The Sankey diagram doesn’t sport the energy unit, but the text comment says:

The 2007 energy balance of Urumqi shows that about 541 PJ of primary energy was consumed in the city, accounting for 28% of the Xinjiang total (1,927 PJ). Urumqi used 25% of Xinjiang’s coal, 50% of its oil, 12% of its natural gas, and 4% of its renewable energy, much of it in heavy industry. This results in high energy related per-capita CO2 emissions of 22 tonnes. In 2007, the city consumed 14.7 million tonnes of coal (approximately 51% of its primary energy supply) whereby 30% of the coal consumption was used for the heating of buildings.

Interactive US Energy Sankey

Another interactive Sankey diagram for U.S. Energy Flows (similar to the one by Bloomberg’s David Yanofsky) also based on the LLNL Energy Sankey Diagram can be found on a web page of The National Academy of Sciences. Visitors can explore the energy mix and consumption.

Click here to visit web page and start exploring…

Flows are in quadrillion BTUs or ‘quads’. The footnote reads:

Hydro, wind, and solar electricity inputs are expressed using fossil-fuel plants’ heat rate to more easily account for differences between the conversion efficiency of renewables and the fuel utilization for combustion- and nuclear-driven systems.
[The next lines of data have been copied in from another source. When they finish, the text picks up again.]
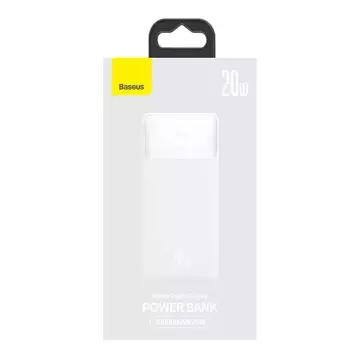 Powerbank Baseus Bipow 20000mAh, 2xUSB, USB-C, 20W (biały)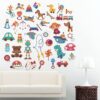 Kids Playing Things Infants - Baby - Kids - Learning Education  Nursery  Pre School Kinder Garden Wall Sticker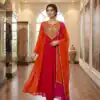 LG 2137 Red Mul Chanderi Salwar Suit with Embroidery Work & Sequins Work. Festive Deal ₹2199. Delivery 4-6 Working Days. Shop nowp | Jump Suits, Salwar suit, Designer Suits, Casual Suits, Creative suits, Palazzo Suits, Party Wear Suits, Patiala Suits, Straight Suits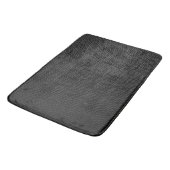 Tapis De Bain Noir Faux Cuir Luxueux Mat De Bain (Angle)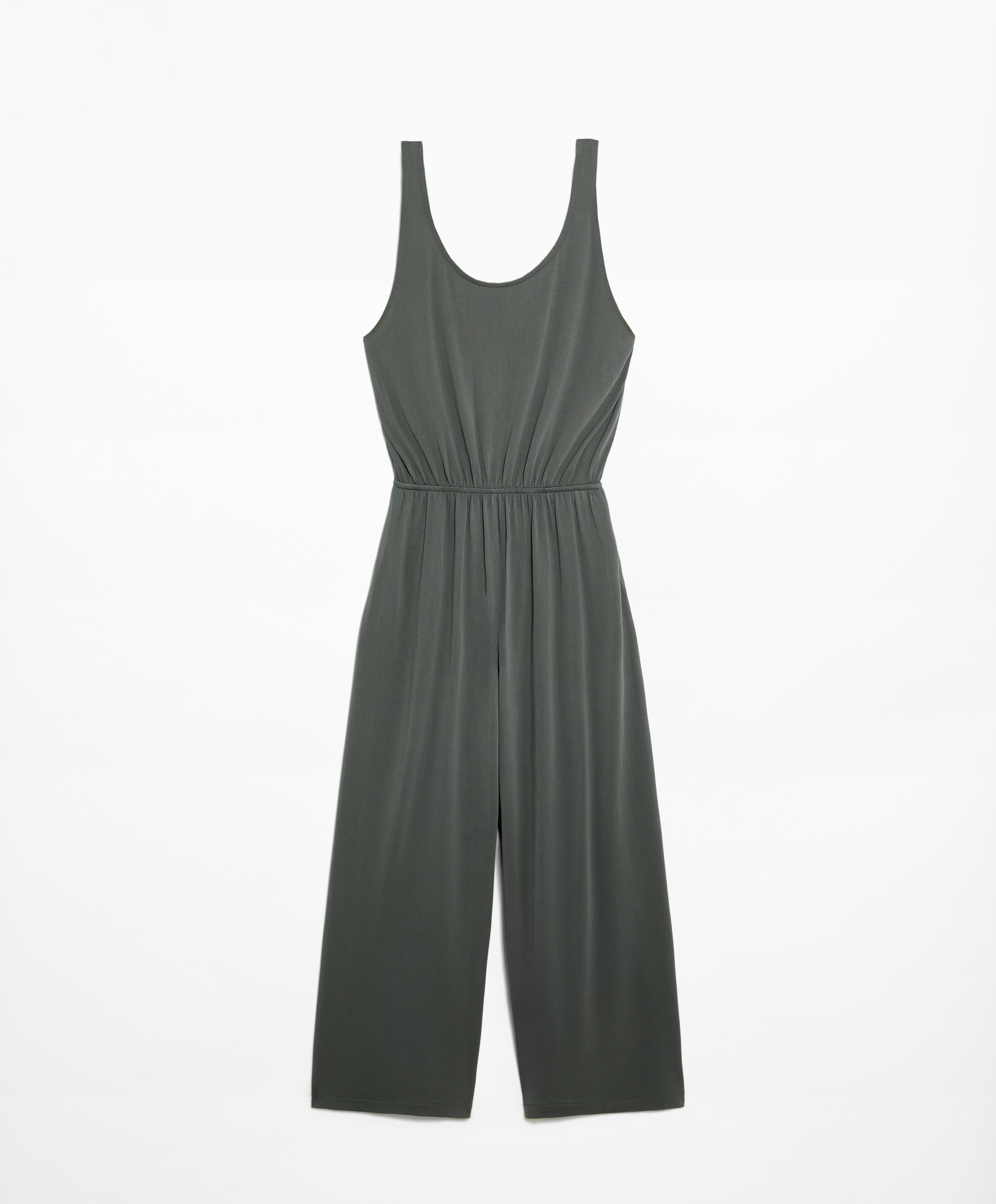 Modal blend midi jumpsuit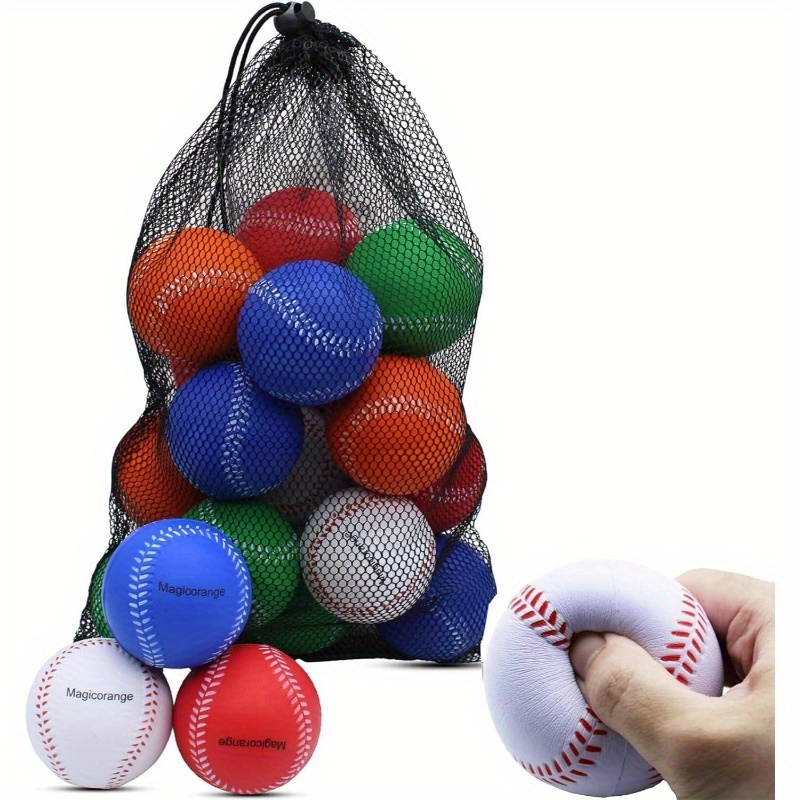 Mini Practice Baseballs 1. 65 Inch Small Baseball Training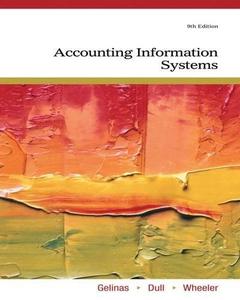 Accounting Information Systems, 9th Edition
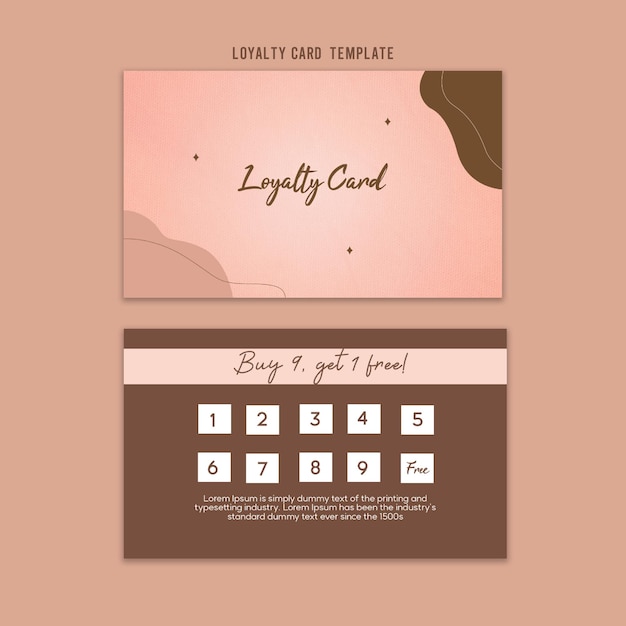 Premium Loyalty Card Design Template Vector Stock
This enables hydro, wind, and solar to be counted on a similar basis as coal, natural gas, and oil. For this reason, the sum of the inputs for electricity differs slightly from the displayed total electricity output. Distributed electricity represents only retail electricity sales and does not include self-generation. The efficiency of electricity production is calculated as the total retail electricity delivered divided by the primary energy input into electricity generation. End use efficiency is estimated as 80% for residential, commercial, and industrial sectors, and as 25% for the transportation sector.

Nice graphics and a good idea to convey “What You Need To Know About Energy”.